Masking Rules in the Sample Scott Masking Set
The Existing Rules
- If you wish to explore each rule further, open the masking set with the Data Masker software and double click on the rule with the mouse to launch it in editing mode. You can then view the configuration of the rule in detail.
- Rule 01-0001
- This is a Rule Controller. Notice how the other rules are dependent on it. A Rule Controller defines the schema on which the other masking rules will act. If you change the login information in the Rule Controller its rules will operate on the new schema. It is up to you to ensure that the Rule Controller points at an appropriate schema. All other masking rule types must have a parent Rule Controller and every masking set must contain at least one Rule Controller.
- Rule 01-0002
- A Substitution Rule on the EMP table. This rule uses the Random Surnames dataset to provide the substitution data which masks the ENAME column.
- Rule 01-0003
- A Shuffle Rule on the JOB column in the EMP table. Job titles could act as an indicator of the original row contents. A title such as President is probably a unique identifier and is an example of the Isolated Case Phenomena. Your analysis of how a schema should be masked must take this factor into consideration. The Data Scrambling Issues white paper discusses this and many other subtle issues in considerable detail. We highly recommend that you read this paper.
- Rule 01-0004
- A Substitution Rule on the EMP table. This rule uses the Number Variance dataset to mask the SAL column. In cases such as dates or numbers it is often not desirable to randomly replace the data as doing so will change the distribution of the values. The Number Variance dataset will modify the existing values so that after masking they contain a value which is varied by a random percentage (within specified bounds) of the original value.
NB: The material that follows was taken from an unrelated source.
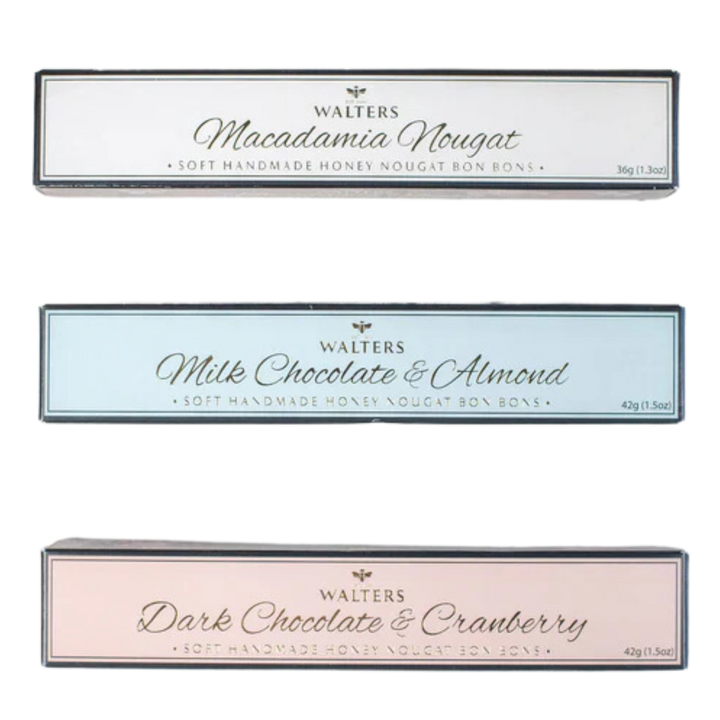 Walter’s Chocolate Macadamia Nougat Bonbon 36g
- Rules 20-0005 and xx-0006
- A chain of a Substitution Rule and Row-Internal Sync Rule on the COMM column in the EMP table. These rules form a pair: Rule 20-0005 masks the COMM field in all rows in the table using the NULL Values dataset to remove the contents. Then rule xx-0006 goes back over the same data and replaces the data in a random sampling of the rows (66%) with a value which is a random percentage of the previously masked SAL column.
Important Point:There are a number of important techniques illustrated in rules 20-0005 and xx-0006. First lets discuss the rule requirements and then discuss the techniques used to implement those requirements.
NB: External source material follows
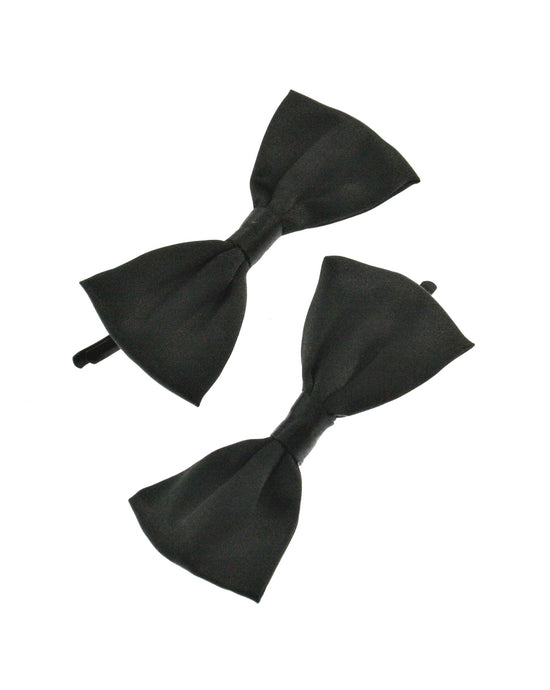 Pair of Small Satin Bows on Grip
- The basic decision taken before designing the masking rules is that the COMM field is too sensitive to leave any trace of the original values - including even the fact that the individual might or might not have received a commission.
- However, for the purposes of the end users of the test schema, a random selecton of the COMM fields must be populated and those values are required to be a sensible percentage of the rows SAL values.
- Remember the Data Masker software can run multiple rules simultaneously so rule xx-0006 cannot begin until rule 20-0005 completes. Steps must be taken to enforce this.
- Likewise the SAL column is, in itself, a masked value so the masking operation on the COMM field cannot start until rule 01-0004 has finished. Accordingly, steps must be taken to configure the rules so that the collection of rules 20-0005 and xx-0006 are not run until rule 01-0004 has completed.
At this point it is highly recommended that you read the Rule Blocks and Dependencies help page and also view the Using Rule Blocks and Dependencies tutorial to better understand how to explicitly control the execution order of the masking rules. [local] [internet]
- Rule 0005 is implemented as a standard Substitution rule on the COMM field using the NULL Values dataset. When this rule is run all values in the column will be replaced with nulls.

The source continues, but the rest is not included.